## [DESCRIPTION OF THE TASK]
The records are to be repeated in full, with the images removed.

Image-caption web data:
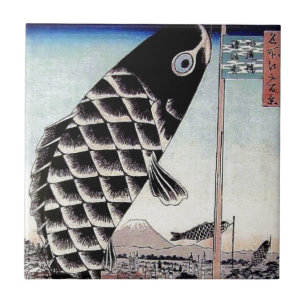 Azulejo De Cerâmica Impressão japonês da carpa do papagaio dos peixe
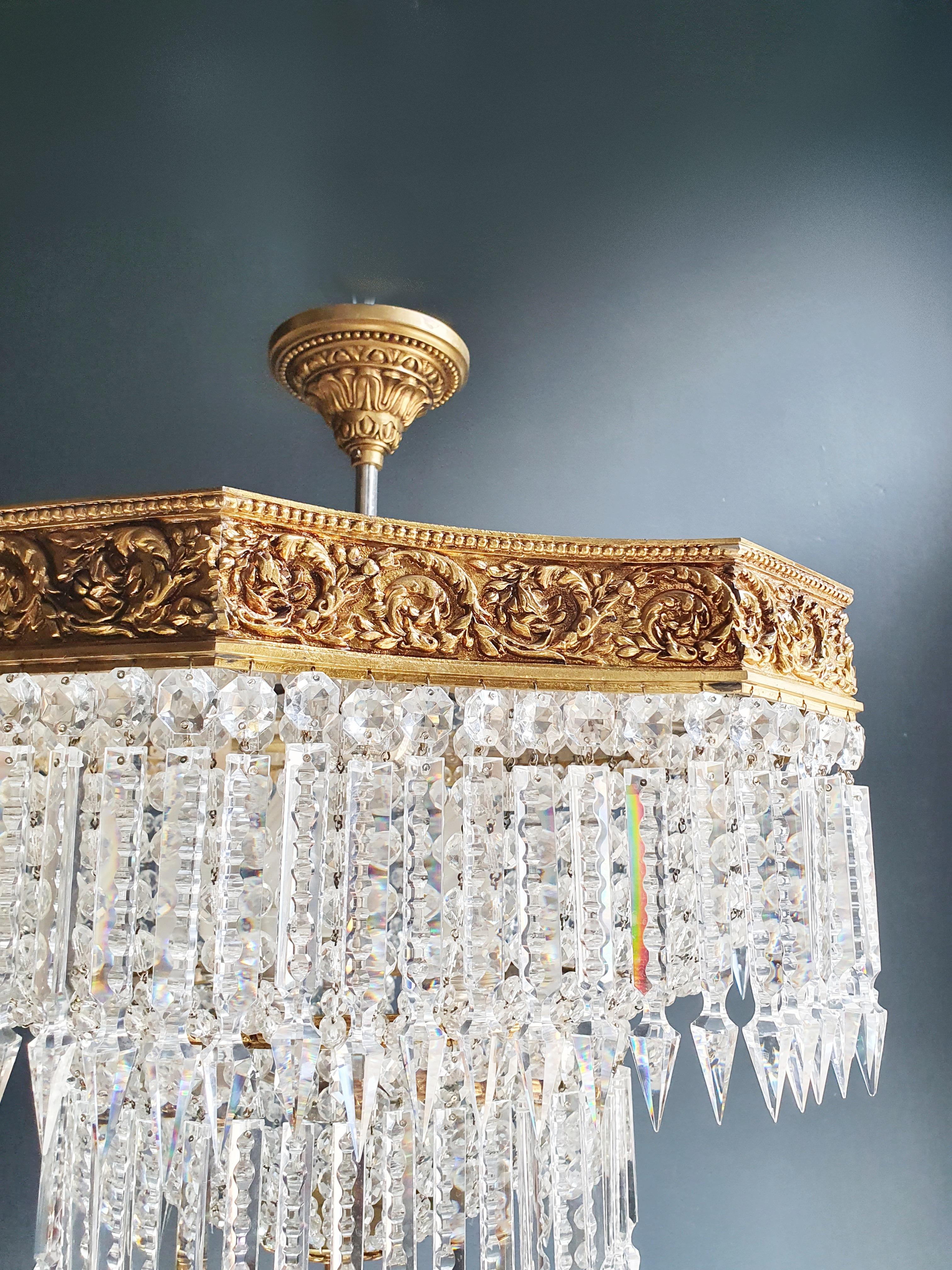 European Low Flat Plafonnier Crystal Chandelier Brass Antique Gold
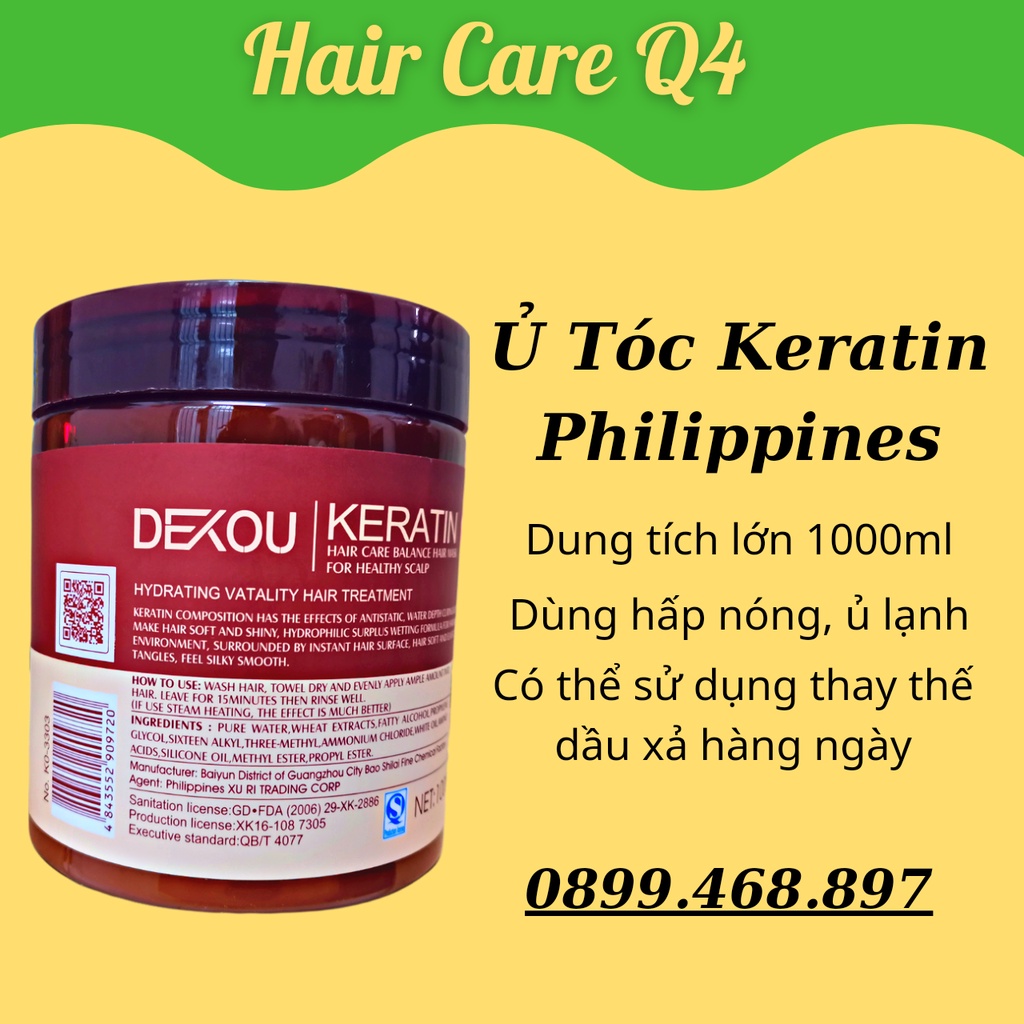 Hấp Ủ Tóc Tại Nhà Keratin Philippines thay thế dầu xả 1000ml - Hair Care Q4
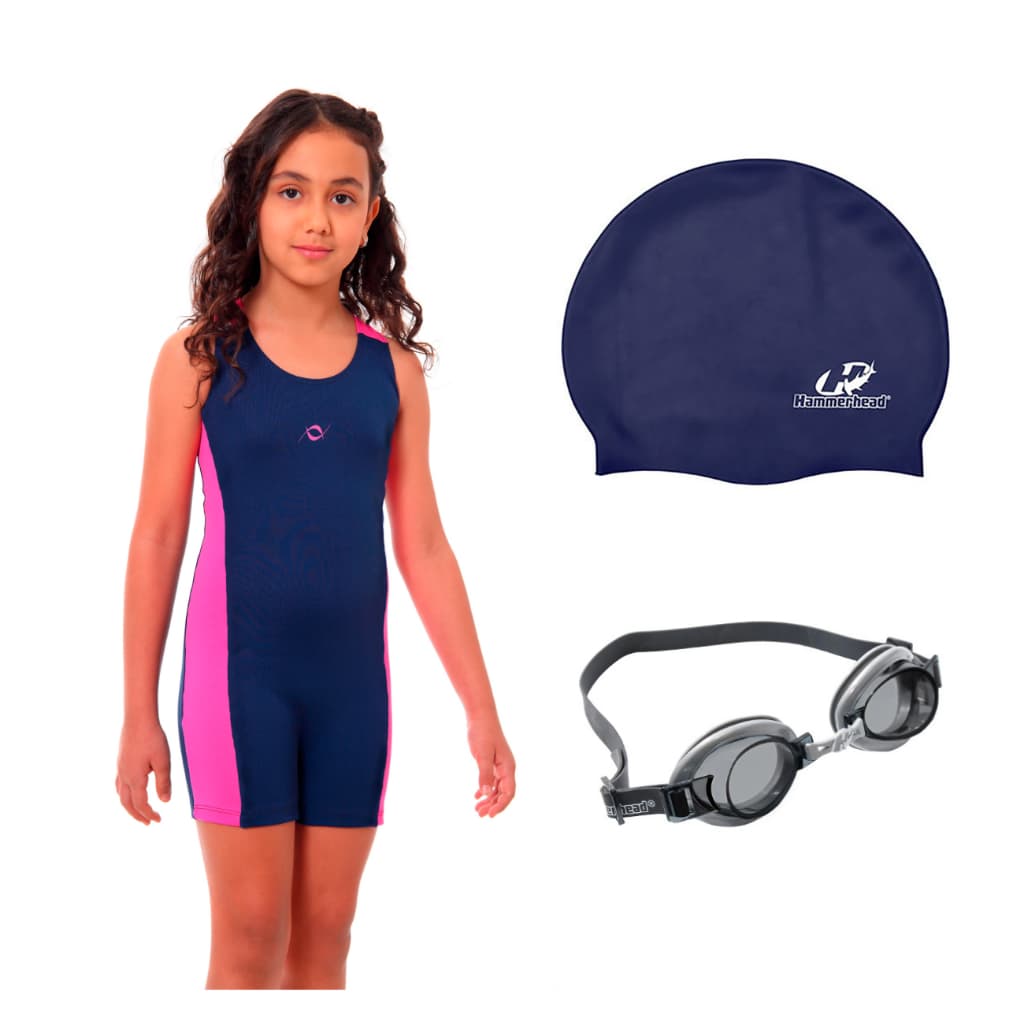 Kit Maiô Macaquinho Natação Infantil Touca Silicone Grande + Óculos Uv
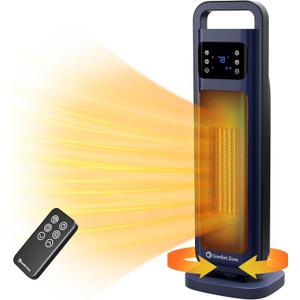 COMFORT ZONE 26" Digital Oscillating Tower Heater with Remote - Navy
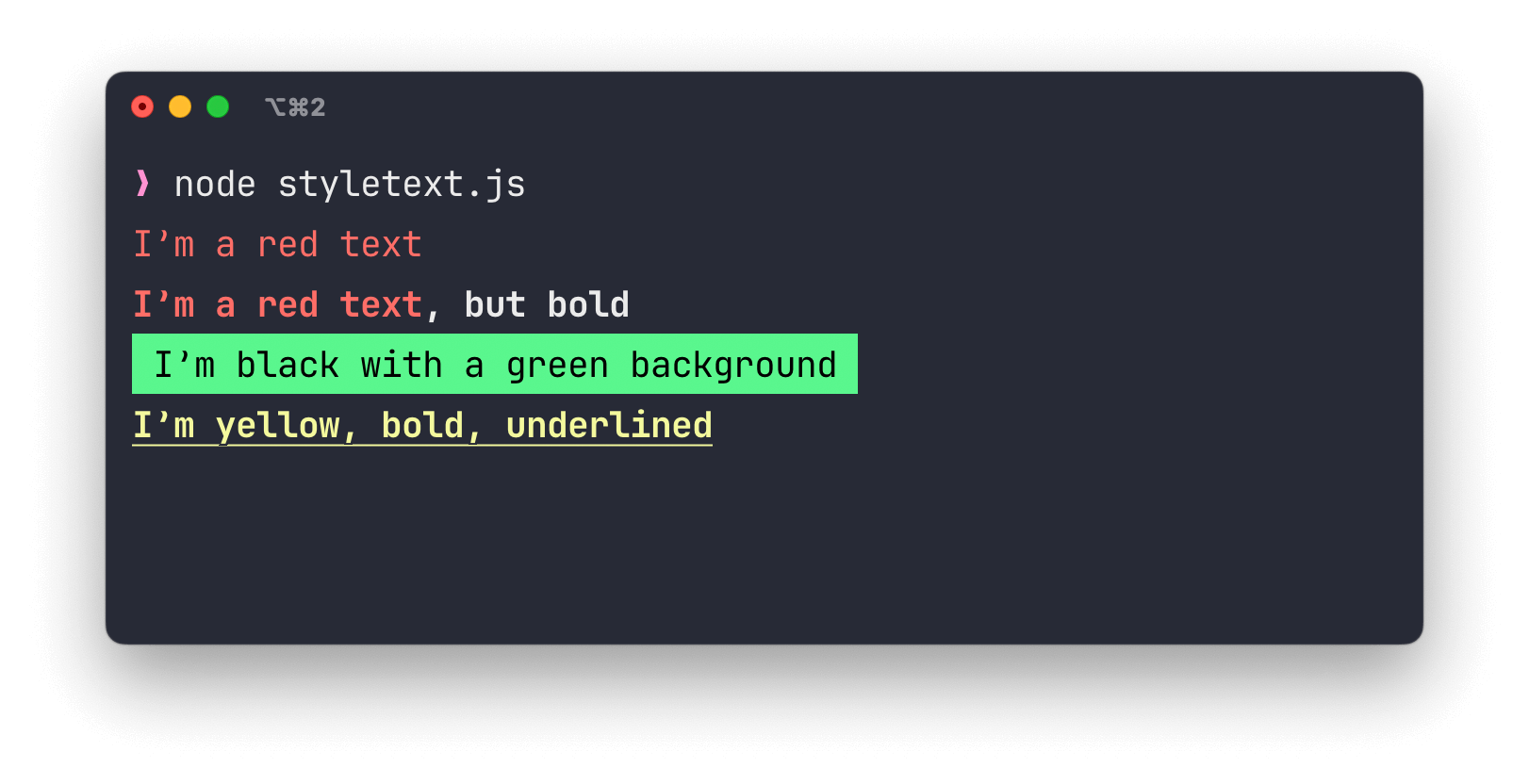 Node.js — Using the Styletext Utility for Terminal Text Formatting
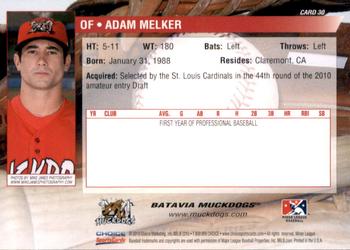 2010 Choice Batavia Muckdogs #30 Adam Melker Back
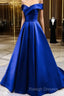 Royal Blue Satin A-Line Long Party Dress, Simple Long Prom Dress Evening Dress
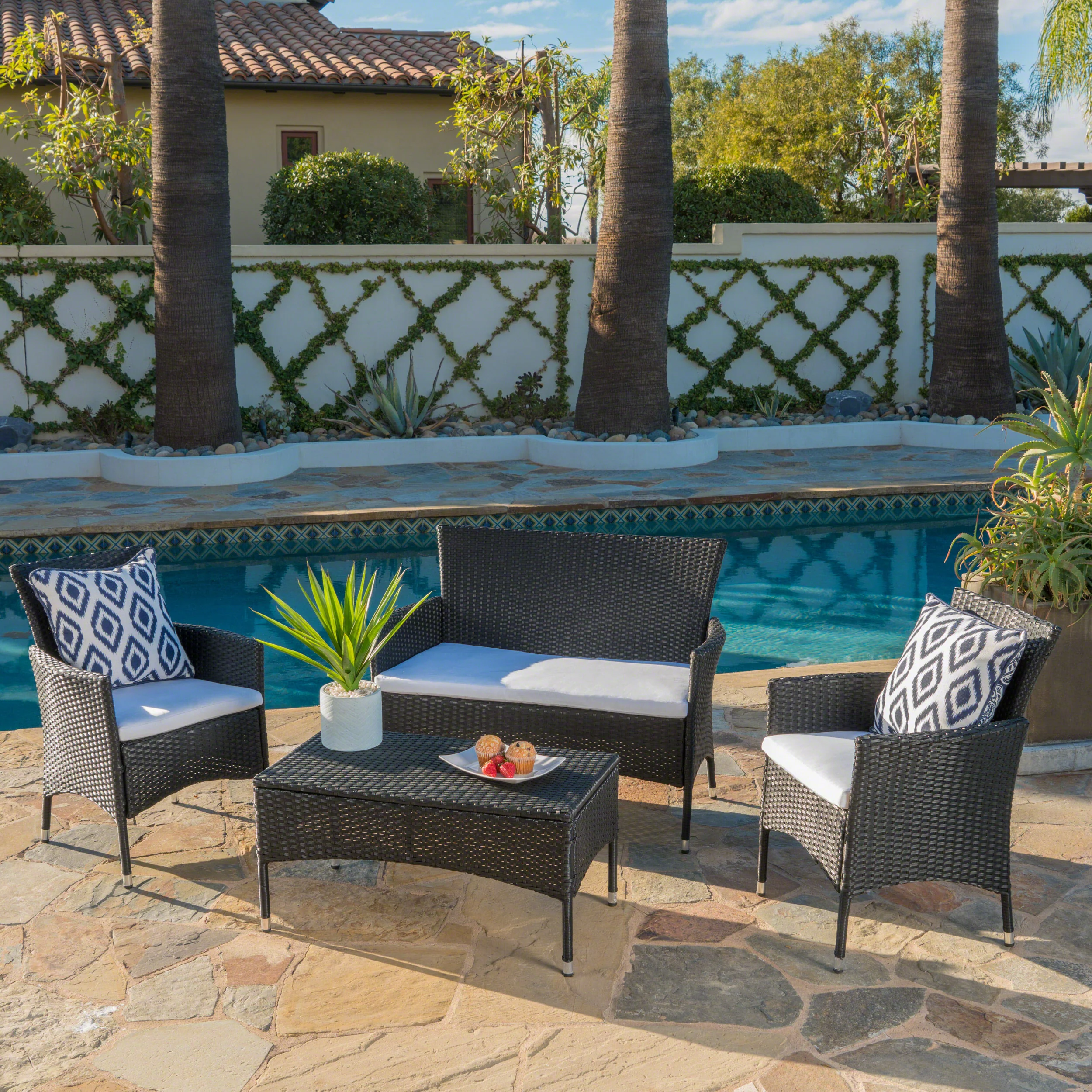 Mina Outdoor 4 Piece Wicker Chat Set with Water Resistant Cushions - furnishings
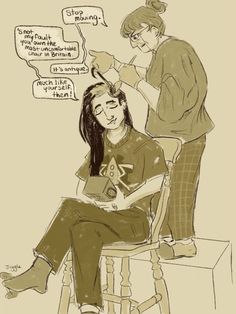 a drawing of a woman getting her hair cut by a man in a chair with an open mouth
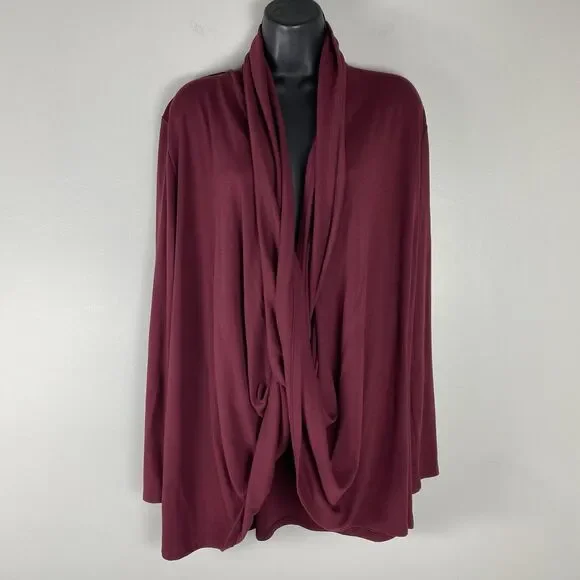 Pure Jill Womens Bordeaux Cardigan Sweater Sz Large Multi-Way Wrap Burgundy - Picture 1 of 8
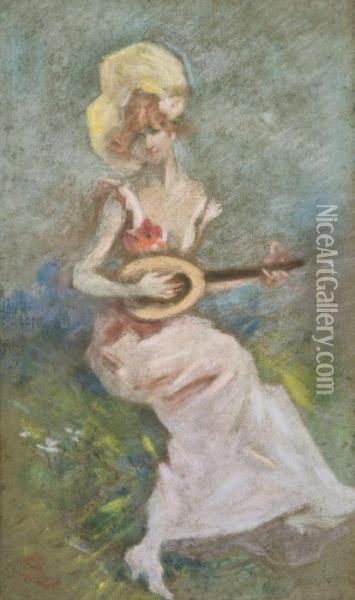 Jeune Fille A La Mandoline Oil Painting - Jules Cheret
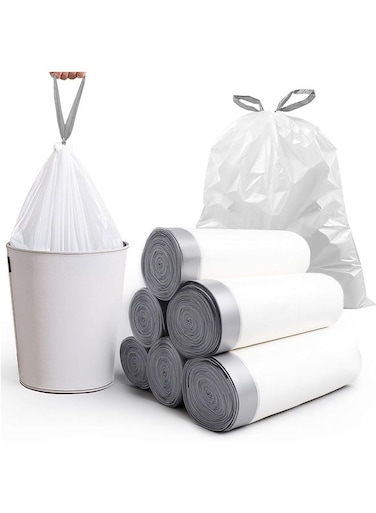 Bags with Tie Handle, 10L Drawstring Garbage Bags, Thick Leakproof Garbage Rubbish Waste Bag for Bathroom Toilet Bedroom Office Kitchen, 75 Count, Fit 5L-10L Garbage Bin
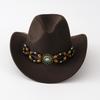 Vintage British English Style Wide Brim Fedora Hat for Men Women, Retro Jazz Western Cowboy Cap Gentleman Felt Hat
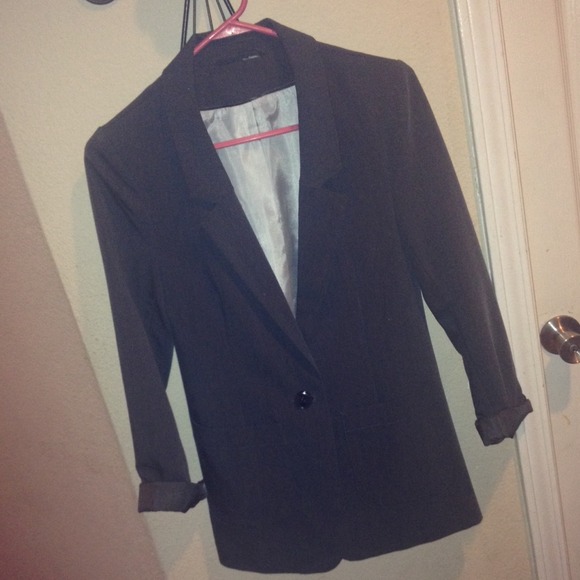Sexy Fitted Gray Long Blazer Jacket Small - Picture 2 of 3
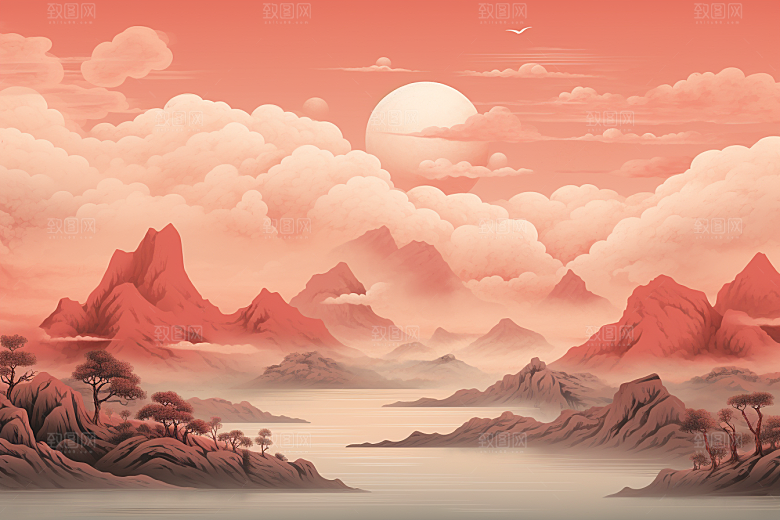 中国红山水水墨国画插画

## [ANSWER TO THIS EXERCISE]
 Azulejo De Cerâmica Impressão japonês da carpa do papagaio dos peixe
 European Low Flat Plafonnier Crystal Chandelier Brass Antique Gold
 Hấp Ủ Tóc Tại Nhà Keratin Philippines thay thế dầu xả 1000ml - Hair Care Q4
 Kit Maiô Macaquinho Natação Infantil Touca Silicone Grande + Óculos Uv
 COMFORT ZONE 26" Digital Oscillating Tower Heater with Remote - Navy
 Node.js — Using the Styletext Utility for Terminal Text Formatting
 2010 Choice Batavia Muckdogs #30 Adam Melker Back
 Royal Blue Satin A-Line Long Party Dress, Simple Long Prom Dress Evening Dress
 Mina Outdoor 4 Piece Wicker Chat Set with Water Resistant Cushions - furnishings
 a drawing of a woman getting her hair cut by a man in a chair with an open mouth
 Pure Jill Womens Bordeaux Cardigan Sweater Sz Large Multi-Way Wrap Burgundy - Picture 1 of 8
 Jeune Fille A La Mandoline Oil Painting - Jules Cheret
 Bags with Tie Handle, 10L Drawstring Garbage Bags, Thick Leakproof Garbage Rubbish Waste Bag for Bathroom Toilet Bedroom Office Kitchen, 75 Count, Fit 5L-10L Garbage Bin
 Vintage British English Style Wide Brim Fedora Hat for Men Women, Retro Jazz Western Cowboy Cap Gentleman Felt Hat
Sexy Fitted Gray Long Blazer Jacket Small - Picture 2 of 3
 中国红山水水墨国画插画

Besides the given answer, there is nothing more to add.